Di Napoli Pericle, Taccardi Alfonso A, Grilli Alfredo, Felaco Mario, Balbone Angela, Angelucci Domenico, Gallina Sabina, Calafiore Antonio M, De Caterina Raffaele, Barsotti Antonio
Laboratory of Experimental Cardiology, Department of Clinical Sciences and Bioimaging, Chieti, Italy.
Am Heart J. 2003 Dec;146(6):1105-11. doi: 10.1016/S0002-8703(03)00445-9.
Apoptosis has been implicated as a possible mechanism in the development of heart failure (HF), but the mechanisms involved remain unclear. In patients with severe dilated cardiomyopathy, we evaluated cardiomyocyte apoptosis in relation to the transmural distribution of Bax and Bcl-2 proteins (2 molecules inhibiting or promoting apoptosis, respectively) and left ventricular wall stresses.

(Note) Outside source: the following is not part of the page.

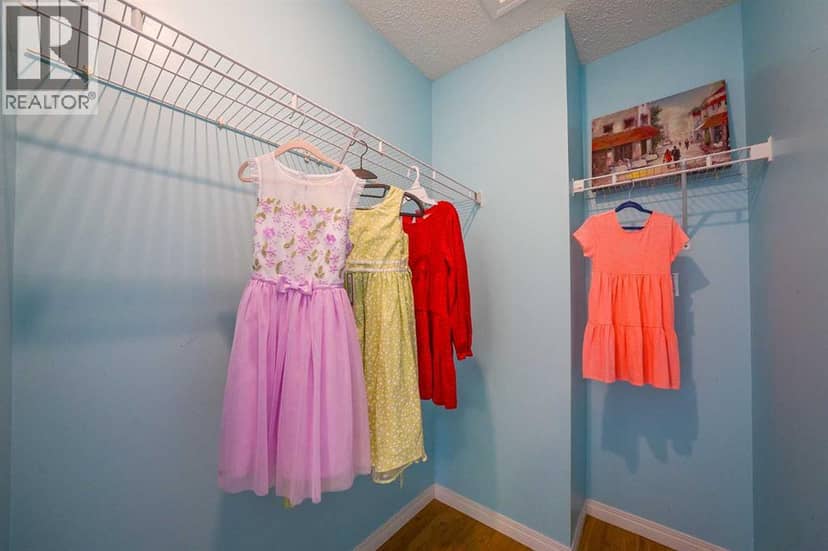 73 Hidden Valley Villas NW — photo 17 of 40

We studied the presence and distribution of cardiomyocyte apoptosis in 90 tissue samples obtained from 8 patients who were undergoing left ventricular reduction with the Batista (ventricular remodeling) operation. Apoptosis was assessed in tissue samples taken from the entire left ventricular thickness (subdivided in subepicardial, midmyocardial, and subendocardial sections) with the terminal deoxynucleotidyl transferase mediated dUTP-biotin nick-end labeling (TUNEL) technique and DNA agarose gel electrophoresis. The expression of Bcl-2 and Bax proteins were determined with both Western analysis and immunohistochemistry.

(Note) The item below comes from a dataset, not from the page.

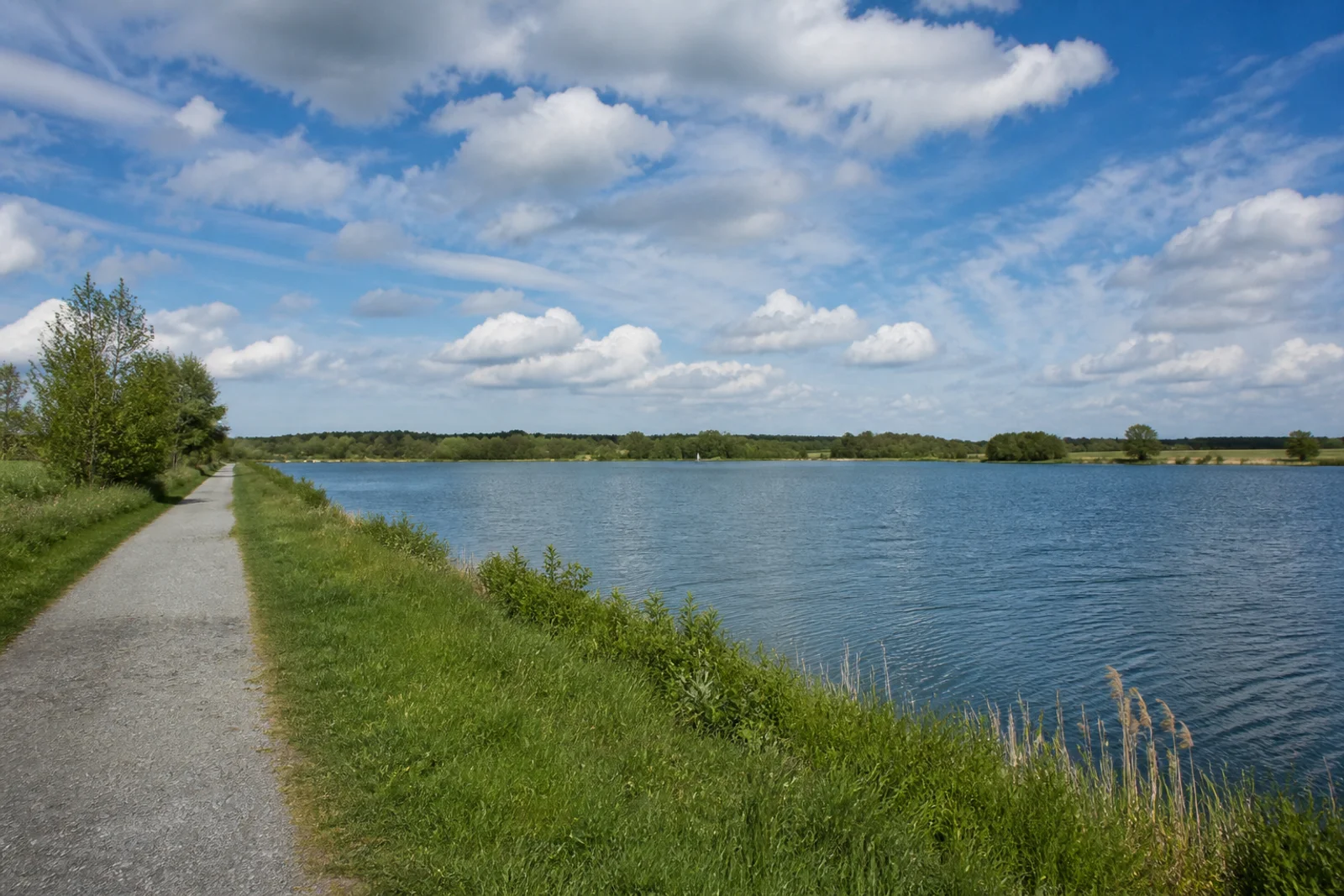 Weiter Uferweg am Lippesee in der flachen Landschaft westlich von Paderborn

TUNEL-positive cells (apoptotic index) were 2.3% +/- 1.4%. Apoptotic cells were predominantly distributed in the subendocardium, where higher levels of Bax protein were detected. The ratio of Bax to Bcl-2 proteins (Bax/Bcl-2) was similar in the midmyocardium or subepicardium, but increased in the subendocardium, where it was directly related to systolic wall stress (y = 0.009x - 0.629; r2 = 0.85, P <.001). The apoptotic index was also directly related to systolic and end-diastolic stresses calculated from hemodynamic and echocardiographic data (r2 = 0.77, P <.001 and r2 = 0.40, P <.01, respectively).
In patients with dilated cardiomyopathy, in whom cardiomyocyte apoptosis is an important cause of cell loss, apoptosis is more extensively localized in the subendocardium and strictly related to ventricular wall stresses and the Bax/Bcl-2 ratio.
细胞凋亡被认为是心力衰竭(HF)发生发展的一种可能机制,但其中涉及的机制仍不清楚。在重度扩张型心肌病患者中,我们评估了心肌细胞凋亡与Bax和Bcl-2蛋白(分别为抑制或促进凋亡的两种分子)的透壁分布以及左心室壁应力的关系。
我们研究了从8例接受Batista(心室重塑)手术进行左心室减容的患者获取的90份组织样本中心肌细胞凋亡的存在及分布情况。采用末端脱氧核苷酸转移酶介导的dUTP-生物素缺口末端标记(TUNEL)技术和DNA琼脂糖凝胶电泳,对取自整个左心室厚度(分为心外膜下、心肌中层和心内膜下部分)的组织样本进行凋亡评估。通过蛋白质免疫印迹分析和免疫组织化学法测定Bcl-2和Bax蛋白的表达。
TUNEL阳性细胞(凋亡指数)为2.3%±1.4%。凋亡细胞主要分布在心内膜下,此处检测到较高水平的Bax蛋白。Bax与Bcl-2蛋白的比值(Bax/Bcl-2)在心肌中层或心外膜下相似,但在心内膜下升高,且与收缩期壁应力直接相关(y = 0.009x - 0.629;r2 = 0.85,P <.001)。凋亡指数也与根据血流动力学和超声心动图数据计算出的收缩期和舒张末期应力直接相关(分别为r2 = 0.77,P <.001和r2 = 0.40,P <.01)。
在扩张型心肌病患者中,心肌细胞凋亡是细胞丢失的重要原因,凋亡更广泛地局限于心内膜下,且与心室壁应力和Bax/Bcl-2比值密切相关。